The day set apart by our Chief Magistrate for a nation’s special prayers is a day especially to pray for him, and for all those who are associated with him, in the arduous duties which the perils and difficulties of these times have brought upon the government. It is no reflection upon them to say that most deeply do they need a wisdom from above. Let us remember their trials, and bear them in our hearts before God; praying that they may have a spirit of prayer for their strength; that divine guidance and support may be with them under their great burdens and cares; and that He who hath his way in the sea may enable them so prosperously to pilot the State in this fearful tempest that we may soon be at rest in the haven of an honorable and happy peace.
In the President’s proclamation, we are exhorted to pray “that our arms may be blessed and made effectual for the reestablishment of law, order and peace, throughout our country,” --and for “a speedy restoration of peace.” It is no contradiction to say that peace, such peace as comes by the establishment of law and order, is the object, on our side, of the present war. In the spirit of such peace, the war was found necessary, on the part of the Government. In the spirit of such peace, it is now vigorously prosecuted. In the same spirit, will we pray that it may speedily be terminated. We need not specify before God the terms of the peace we pray for. We need not be afraid to confide them to His wisdom and goodness.
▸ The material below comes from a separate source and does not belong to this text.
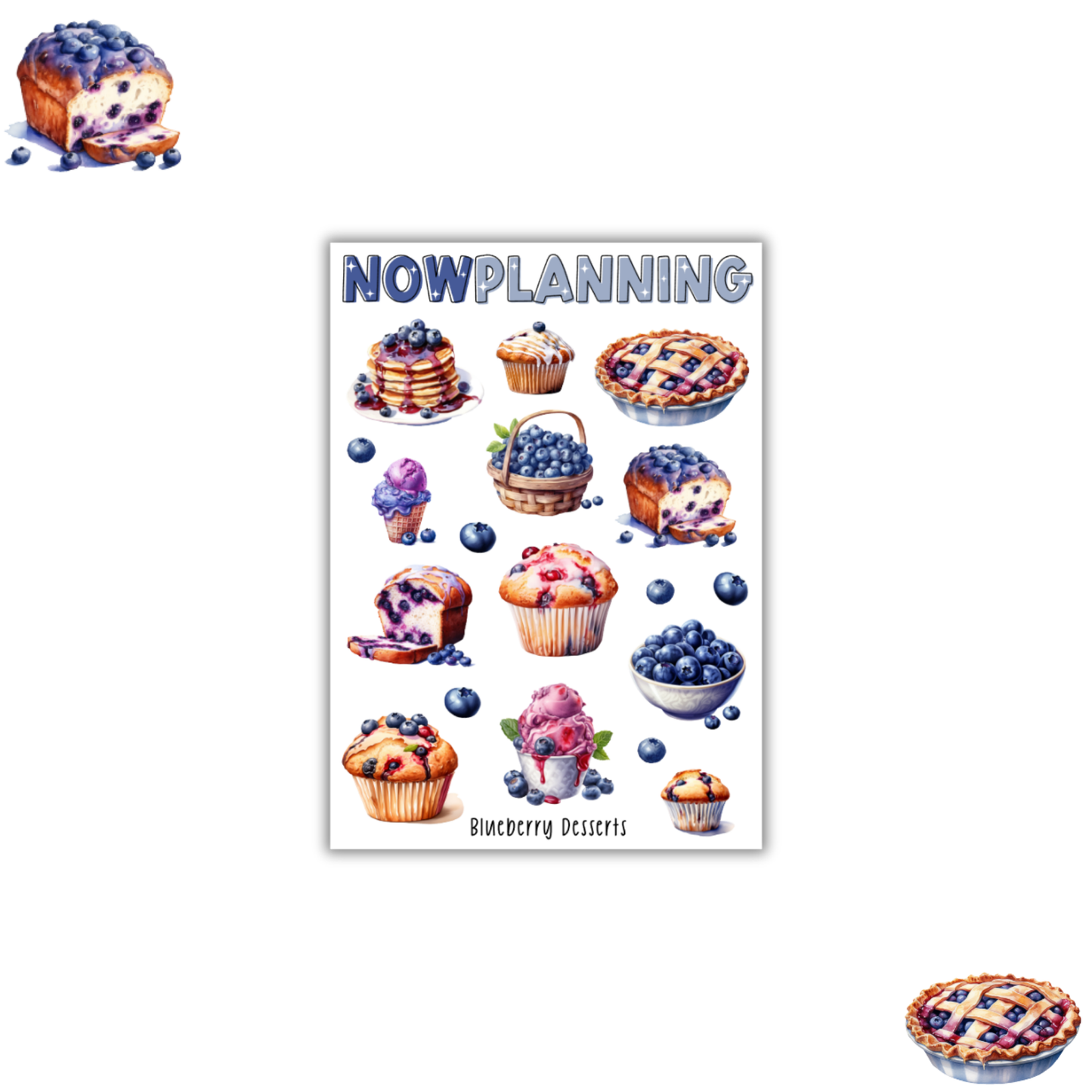 Blueberry Desserts Sticker Sheet | Bullet Journal Stickers, Planner Stickers, Scrapbook Stickers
Peace such as the just honor of the nation and its true prosperity should not desire, we need not fear as an answer to our prayers.
Nor should our prayers for peace be hindered because, as present, the way of its attainment, consistently with the nation’s honor and welfare, does not appear to our feeble sight. “God’s thoughts are not as our thoughts.” He who created the Light out of darkness, can make “peace where there is no peace.” If the tempest seems only to thicken, let us remember “the clouds are the dust of his feet.” They are often darkest when just about to break away. The hearts of all men are in God’s hands.
Therefore, let me exhort you all, dear brethren, that with one mind you will observe the day set apart, according to its sacred and solemn purpose. Let every lover of his country unite with his brethren in the solemnities of that occasion. In private and family worship, as well as in our churches, let us fall down before God in humiliation and prayer. Unspeakably great and precious interests are at stake. God is our Refuge. In him is our hope. We will order our cause before him. That his most gracious protection and blessing may abide upon our beloved country, upon its government, and upon our Church and on all your families, dear brethren, is the constant prayer of
Your affectionate Bishop,
Chas. P. McIlvaine.
Cincinnati, Sept. 10th, 1861
Note.--The above Pastoral Letter is directed to be read in every Church in the Diocese on Sunday morning next before the day therein mentioned. A Form of Prayer for the day has been issued.